L'armée, dès le début de 1992 a mis fin au processus démocratique qui allait porter le Front Islamique du Salut au pouvoir. Ce dernier est interdit et contraint de rentrer dans une clandestinité violente qui se transforme rapidement en guerre civile. Les attentats ciblent d'abord les policiers et fonctionnaires, représentants du régime usurpateur, puis peu à peu ensanglantent toute la population civile qui subit d'effroyables pertes et une pauvreté galopante.
Le commissaire est terrassé par le chagrin de voir son pays mis en coupe réglée par des militaires et des religieux sans scrupules et adeptes des pratiques mafieuses les plus sordides. Il subit la pression de ses supérieurs désireux de clore l'enquête au plus vite : le FIS, ou n'importe laquelle des autres organisations terroristes qui pullulent sur le territoire, est un coupable tout désigné ; et comme ce coupable-là ne craint pas la mort, il est difficile à appréhender : inutile donc de s'attarder dans des recherches qui pourraient s'avérer dangereuses.

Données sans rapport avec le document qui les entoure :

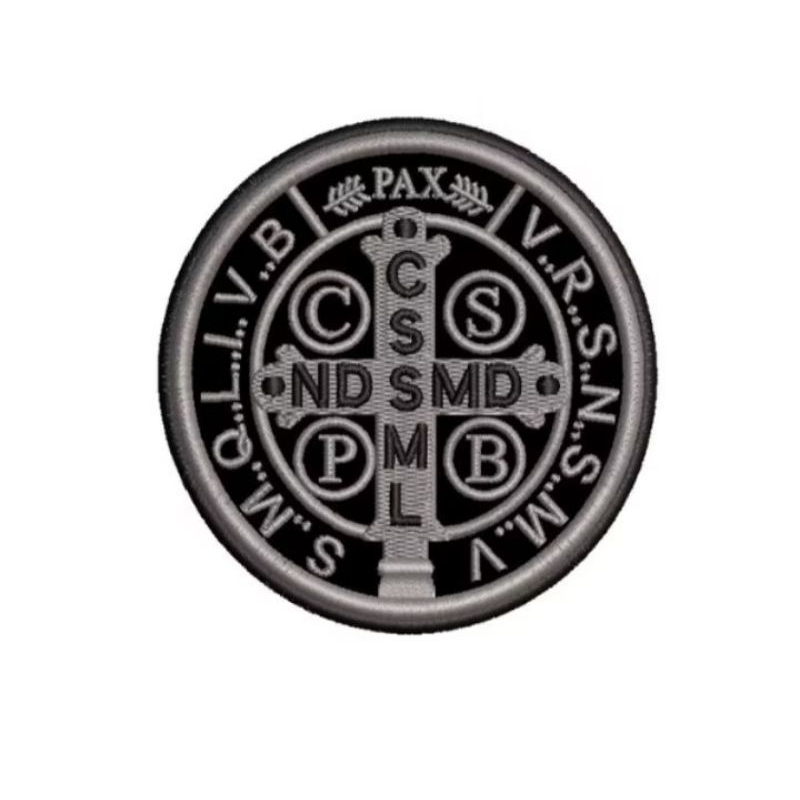 Patch Termocolante Medalha de Sao Bento - Bordado em Oferta na Shopee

Malgré les mises en garde de sa hiérarchie, notre enquêteur s'entête à poursuivre des investigations qui le mènent à un cimetière chrétien, où il note de bien étranges allées et venues. Que va-t-il découvrir ?

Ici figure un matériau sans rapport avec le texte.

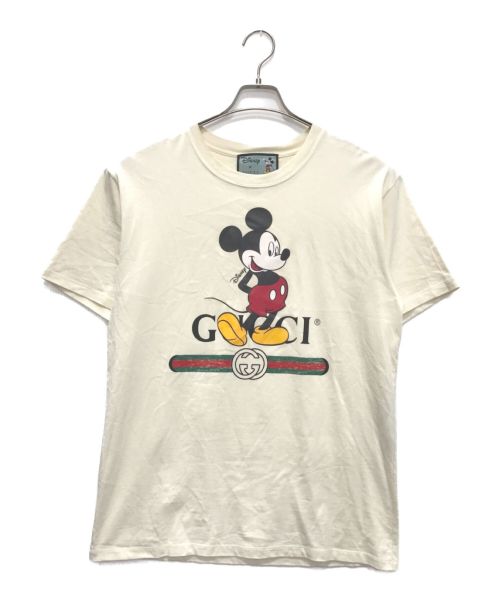 GUCCI（グッチ）GUCCI (グッチ) Mickey Print Tee アイボリー サイズ:XSの古着・服飾アイテム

Ce roman est servi par une écriture riche, trépidante dont le style s'apparente au réalisme hystérique. Il n'est pas toujours de lecture aisée. Ce qui le caractérise c'est l'apparente jubilation avec laquelle
Boualem Sansal dépeint cette traversée des horreurs, qu'il a connue et qu'il a choisi de rendre truculente pour la tenir à distance, tant on devine qu'il partage le désenchantement du policier enquêteur.